One major obstacle to Fridman’s proposal is that in Israel, where seemingly every aspect of domestic life is political, diaspora Jews are not represented in political life. At present, when American Jewish leaders lobby the coalition or Knesset members for an issue of significant importance here, they are told, in effect, “come back when you have a constituency that has a say in our elections.” Until then, Israeli officials insist, advocating for a diaspora position doesn’t add up to votes and isn’t worth the effort.
The most recent and blatant example was Prime Minister Benjamin Netanyahu’s reneging on a long-planned compromise in June that would have assured enhanced egalitarian prayer at the Kotel and given liberal denominations a voice in administering policy in the area surrounding the Western Wall. The coalition also backed a bill that would give the fundamentalist Chief Rabbinate a monopoly over conversions in Israel.
The prime minister’s rationale was that if he had not fallen in line with the charedi parties in his government, his coalition would have collapsed. So much for promises and addressing the concerns of the majority of diaspora Jewry.
While Netanyahu has described his role as the defender and protector of Jews everywhere, a member of his entourage told me last month that, regrettably, the prime minister is more concerned about maintaining close relations with evangelical Christians in the U.S., who are deeply loyal to him and number in the tens of millions, than with the majority of American Jews, who Netanyahu believes will go on supporting Jerusalem even if they get upset at government policies at times.
If true, that’s a dangerous and cynical calculation. (And surveys indicate that younger Evangelicals are less supportive of Israel than their elders.)
All of which makes Michael Fridman’s campaign more timely and intriguing. He’s right in asserting that the diaspora-Israel relationship is precious — and in danger of continuing erosion unless a bold effort is made to restore it.

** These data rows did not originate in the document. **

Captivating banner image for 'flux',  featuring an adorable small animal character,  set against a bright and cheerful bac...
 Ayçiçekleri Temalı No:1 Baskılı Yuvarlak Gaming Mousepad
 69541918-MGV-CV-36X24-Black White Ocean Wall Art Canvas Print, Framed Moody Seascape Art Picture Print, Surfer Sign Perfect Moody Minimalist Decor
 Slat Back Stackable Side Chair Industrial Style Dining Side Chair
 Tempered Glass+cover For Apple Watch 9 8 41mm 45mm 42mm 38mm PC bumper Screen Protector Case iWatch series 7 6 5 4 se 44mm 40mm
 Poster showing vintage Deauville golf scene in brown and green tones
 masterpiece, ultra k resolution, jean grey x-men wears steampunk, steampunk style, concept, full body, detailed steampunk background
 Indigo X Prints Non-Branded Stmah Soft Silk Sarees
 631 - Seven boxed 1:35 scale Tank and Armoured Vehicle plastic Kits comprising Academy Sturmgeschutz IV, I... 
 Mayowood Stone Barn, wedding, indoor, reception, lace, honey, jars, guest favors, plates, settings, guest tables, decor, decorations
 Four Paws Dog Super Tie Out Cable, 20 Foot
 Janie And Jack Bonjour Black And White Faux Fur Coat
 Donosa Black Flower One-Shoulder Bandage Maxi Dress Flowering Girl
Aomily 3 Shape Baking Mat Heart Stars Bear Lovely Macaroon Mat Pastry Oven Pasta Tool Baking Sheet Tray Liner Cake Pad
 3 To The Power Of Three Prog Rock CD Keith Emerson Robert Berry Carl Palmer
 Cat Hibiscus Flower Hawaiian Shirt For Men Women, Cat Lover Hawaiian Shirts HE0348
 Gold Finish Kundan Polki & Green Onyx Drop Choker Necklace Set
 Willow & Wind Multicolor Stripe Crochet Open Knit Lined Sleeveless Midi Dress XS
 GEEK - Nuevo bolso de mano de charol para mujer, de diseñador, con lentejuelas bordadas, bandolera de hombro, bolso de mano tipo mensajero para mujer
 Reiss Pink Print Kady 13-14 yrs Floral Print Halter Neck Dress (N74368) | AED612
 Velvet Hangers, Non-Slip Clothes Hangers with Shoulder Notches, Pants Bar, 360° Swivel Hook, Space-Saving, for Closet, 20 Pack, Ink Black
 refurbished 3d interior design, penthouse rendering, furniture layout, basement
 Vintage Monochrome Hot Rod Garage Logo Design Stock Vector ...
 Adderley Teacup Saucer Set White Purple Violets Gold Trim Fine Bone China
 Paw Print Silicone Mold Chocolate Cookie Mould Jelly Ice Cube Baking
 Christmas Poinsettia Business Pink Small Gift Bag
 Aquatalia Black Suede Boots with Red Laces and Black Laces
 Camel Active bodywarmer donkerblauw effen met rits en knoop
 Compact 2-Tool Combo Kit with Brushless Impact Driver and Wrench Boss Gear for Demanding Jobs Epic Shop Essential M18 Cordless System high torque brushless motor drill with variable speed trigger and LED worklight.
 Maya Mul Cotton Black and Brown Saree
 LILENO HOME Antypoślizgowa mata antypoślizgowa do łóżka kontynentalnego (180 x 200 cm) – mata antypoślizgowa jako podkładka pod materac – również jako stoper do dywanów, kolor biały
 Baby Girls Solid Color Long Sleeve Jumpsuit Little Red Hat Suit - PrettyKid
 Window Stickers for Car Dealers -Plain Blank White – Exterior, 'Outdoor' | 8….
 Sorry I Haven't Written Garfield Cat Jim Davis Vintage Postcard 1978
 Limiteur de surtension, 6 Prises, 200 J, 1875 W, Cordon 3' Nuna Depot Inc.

“I worry that 50 years from now, diaspora communities could disappear,” Fridman told me. “We need to find a way for the majority of diaspora Jews to feel engaged.” And, I would add, for Israel to recognize its own need to help preserve and sustain a vibrant diaspora.
For now, the prospect of an enlightened Israeli leadership offering world Jewry a new level of consultation and input in key decisions seems remote. But one has to start somewhere, and Fridman’s proposal deserves serious consideration. As Herzl put it more elegantly: “If you will it, it is no dream.”